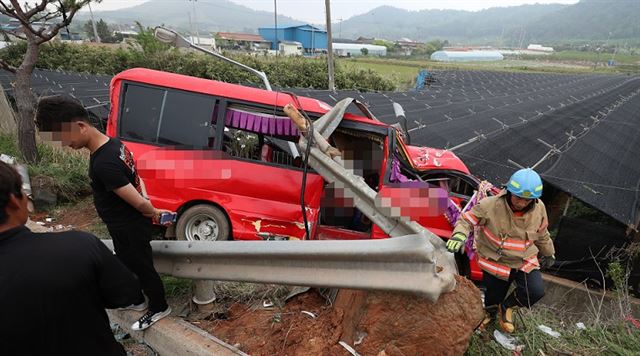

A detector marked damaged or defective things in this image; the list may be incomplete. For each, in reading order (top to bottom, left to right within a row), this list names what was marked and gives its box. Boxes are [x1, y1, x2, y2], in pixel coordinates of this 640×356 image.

crashed vehicle [105, 67, 484, 280]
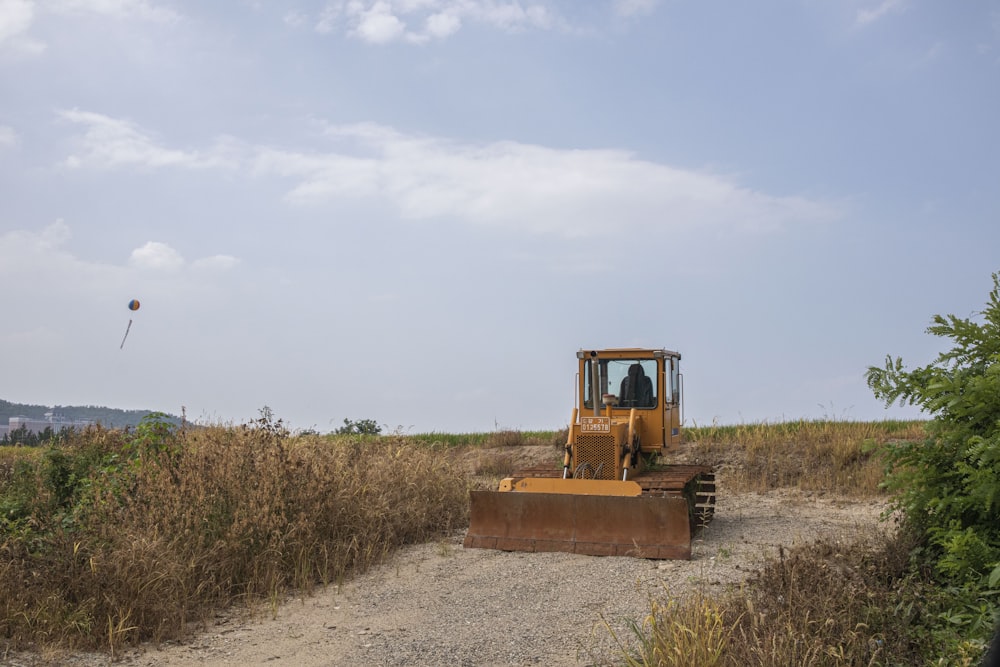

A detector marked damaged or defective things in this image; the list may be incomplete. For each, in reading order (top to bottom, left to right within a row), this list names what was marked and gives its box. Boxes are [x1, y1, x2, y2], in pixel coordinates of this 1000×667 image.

rusty dozer blade [464, 488, 692, 560]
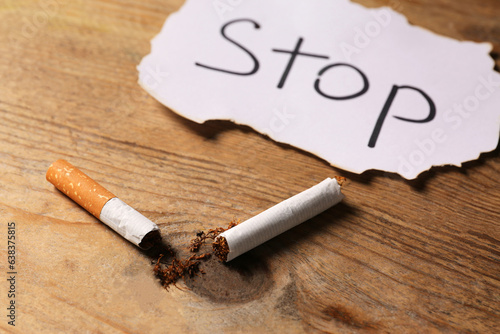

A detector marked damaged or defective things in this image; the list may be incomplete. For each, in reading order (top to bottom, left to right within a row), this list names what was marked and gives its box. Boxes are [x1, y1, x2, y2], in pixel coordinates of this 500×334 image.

torn paper [138, 0, 500, 180]
broken cigarette [46, 159, 160, 248]
broken cigarette [213, 177, 346, 260]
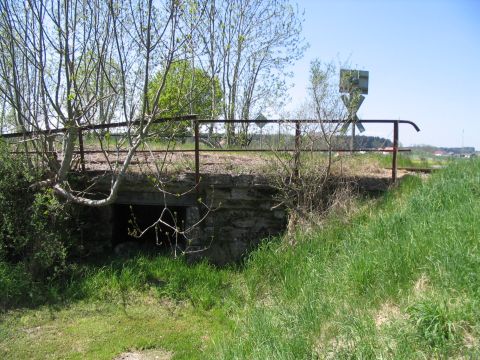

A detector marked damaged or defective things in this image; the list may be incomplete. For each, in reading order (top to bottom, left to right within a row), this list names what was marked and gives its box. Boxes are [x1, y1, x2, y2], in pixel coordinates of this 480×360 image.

rusty metal railing [0, 115, 420, 183]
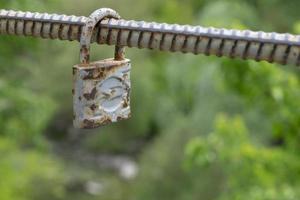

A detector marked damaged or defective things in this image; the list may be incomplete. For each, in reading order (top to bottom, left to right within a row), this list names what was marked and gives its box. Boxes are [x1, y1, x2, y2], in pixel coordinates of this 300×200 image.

rusty padlock [73, 8, 131, 128]
peeling paint on padlock [73, 8, 131, 128]
rust stain on padlock [73, 58, 131, 129]
rusty metal bar [0, 9, 300, 66]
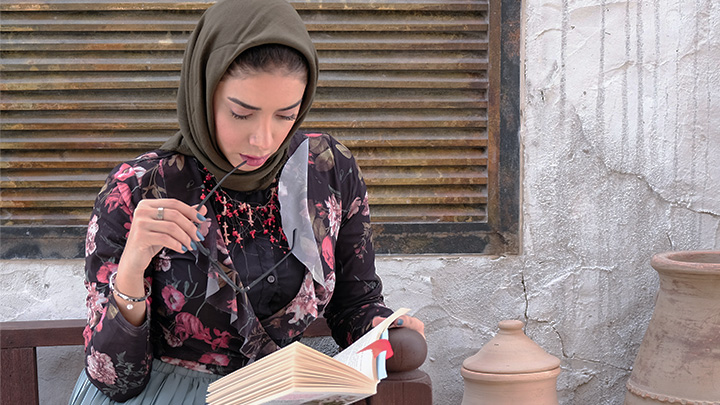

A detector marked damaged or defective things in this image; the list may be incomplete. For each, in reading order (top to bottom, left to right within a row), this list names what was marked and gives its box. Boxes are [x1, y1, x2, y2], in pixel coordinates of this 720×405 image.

rusty metal shutter [1, 0, 512, 254]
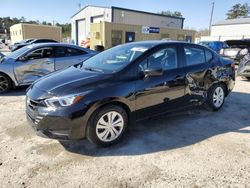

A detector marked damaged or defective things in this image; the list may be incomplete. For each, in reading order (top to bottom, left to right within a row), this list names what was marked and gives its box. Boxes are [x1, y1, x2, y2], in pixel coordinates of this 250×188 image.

damaged vehicle [0, 42, 96, 92]
damaged vehicle [221, 39, 250, 63]
damaged vehicle [25, 41, 234, 147]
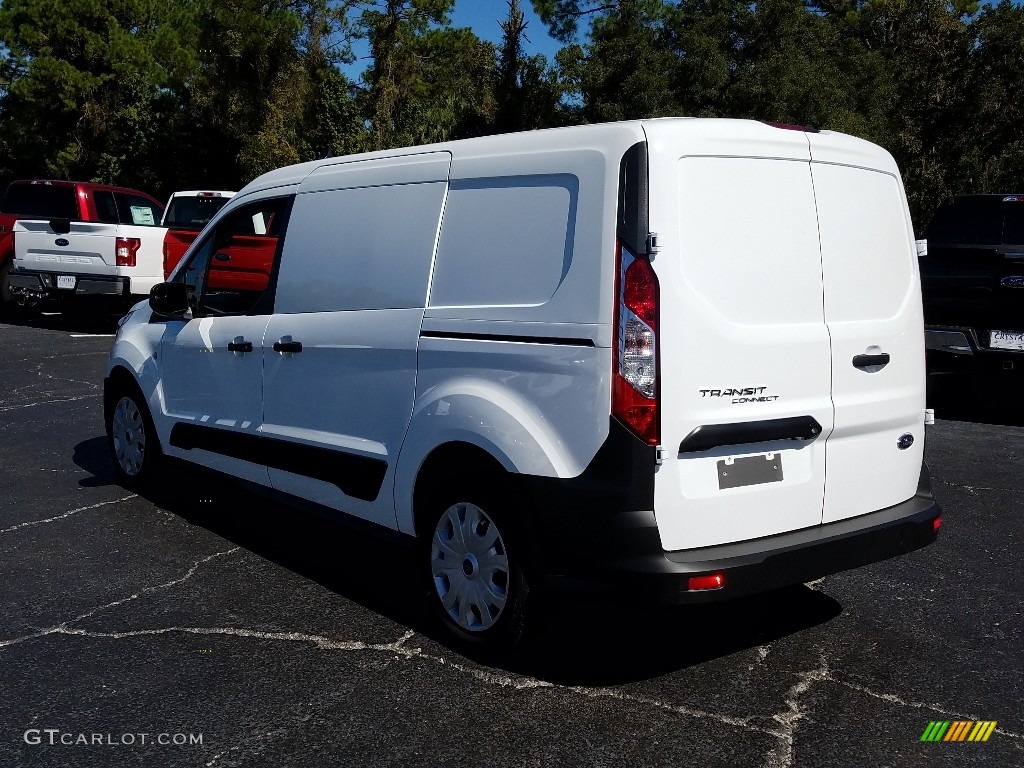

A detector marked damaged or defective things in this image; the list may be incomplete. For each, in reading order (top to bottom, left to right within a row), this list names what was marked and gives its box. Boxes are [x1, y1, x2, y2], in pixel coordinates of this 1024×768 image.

crack in asphalt [0, 493, 136, 536]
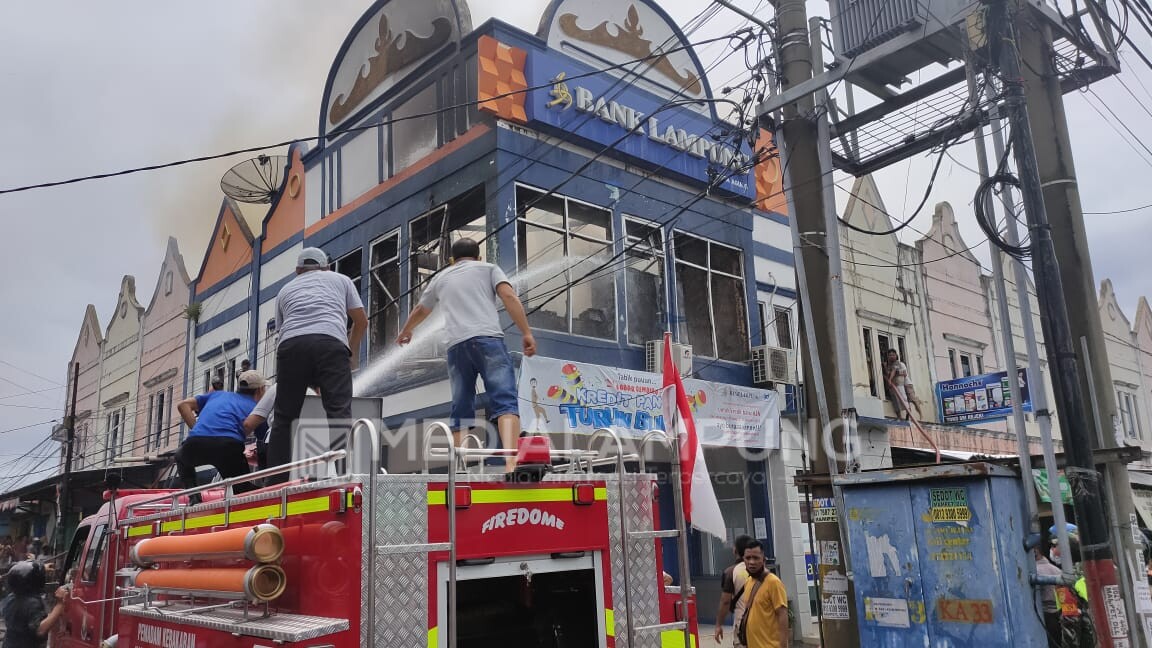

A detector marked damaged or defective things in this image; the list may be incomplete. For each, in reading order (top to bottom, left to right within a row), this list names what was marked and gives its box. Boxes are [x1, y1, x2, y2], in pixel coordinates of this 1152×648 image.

broken window [373, 230, 405, 355]
broken window [518, 183, 617, 338]
broken window [626, 217, 663, 343]
broken window [672, 230, 751, 359]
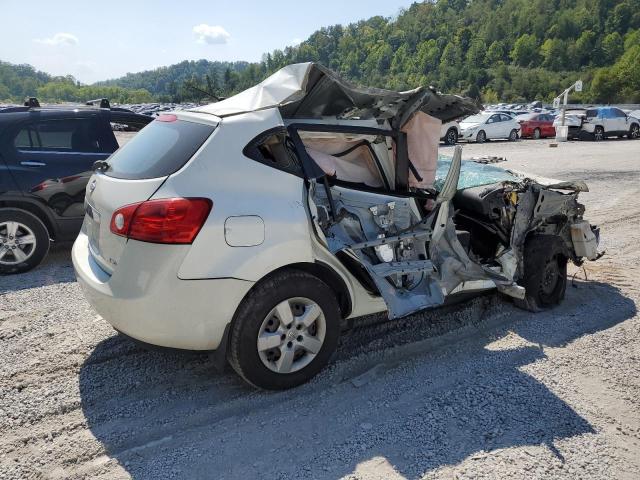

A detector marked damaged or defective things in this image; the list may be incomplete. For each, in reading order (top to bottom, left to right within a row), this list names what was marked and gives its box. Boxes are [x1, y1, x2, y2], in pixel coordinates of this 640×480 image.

wrecked white suv [74, 62, 600, 390]
shattered windshield [432, 155, 516, 190]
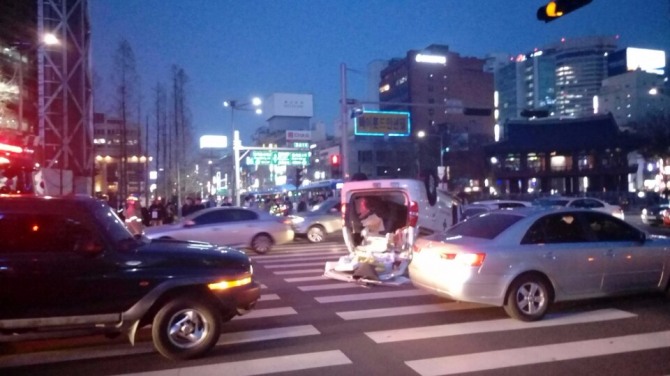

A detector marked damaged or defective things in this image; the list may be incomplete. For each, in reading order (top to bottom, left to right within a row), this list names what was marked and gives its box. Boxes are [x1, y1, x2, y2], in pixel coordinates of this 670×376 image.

overturned white vehicle [326, 178, 464, 284]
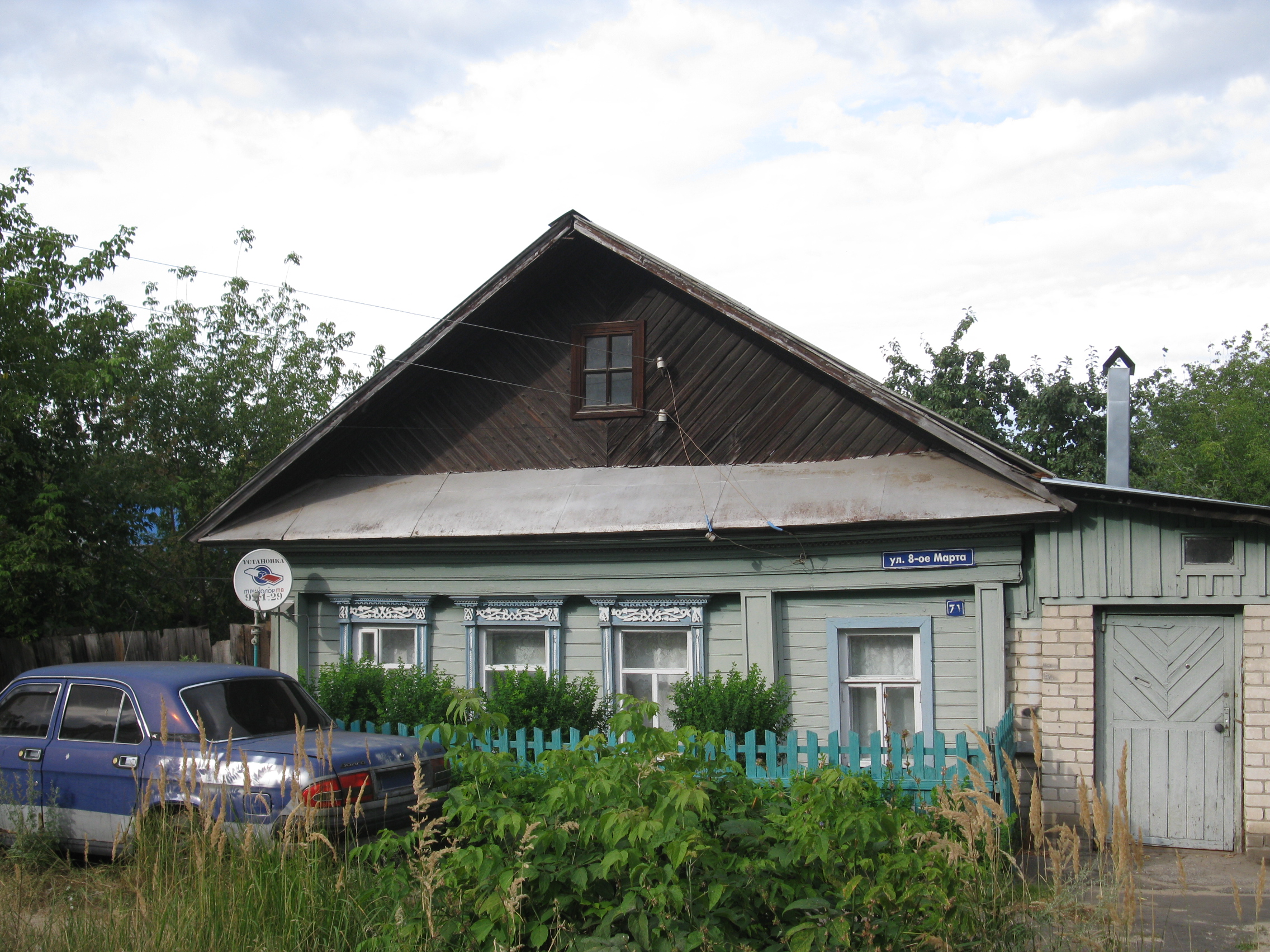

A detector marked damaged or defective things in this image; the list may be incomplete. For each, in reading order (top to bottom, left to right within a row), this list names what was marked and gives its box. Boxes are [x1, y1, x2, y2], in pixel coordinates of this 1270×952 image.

Work request:
Restate word for word the lines from the line with "this 670×376 image." to the last line of the records above, inclusive, and omit every picture.

Output:
A detector marked damaged or defective things in this image; the list may be incomplete. For each, in reading order (top to bottom, left to right within a row), this list names what was marked and gives its box. Boxes are [x1, y1, x2, y2], in pixel coordinates of this 670×376 image.

overturned white vehicle [326, 178, 464, 284]

A detector marked damaged or defective things in this image; the list may be incomplete. For each, in reading order (top to bottom, left to right within a row), this list names what was marked and gives its box. Boxes are [x1, y1, x2, y2], in pixel coordinates of this 1270×952 image.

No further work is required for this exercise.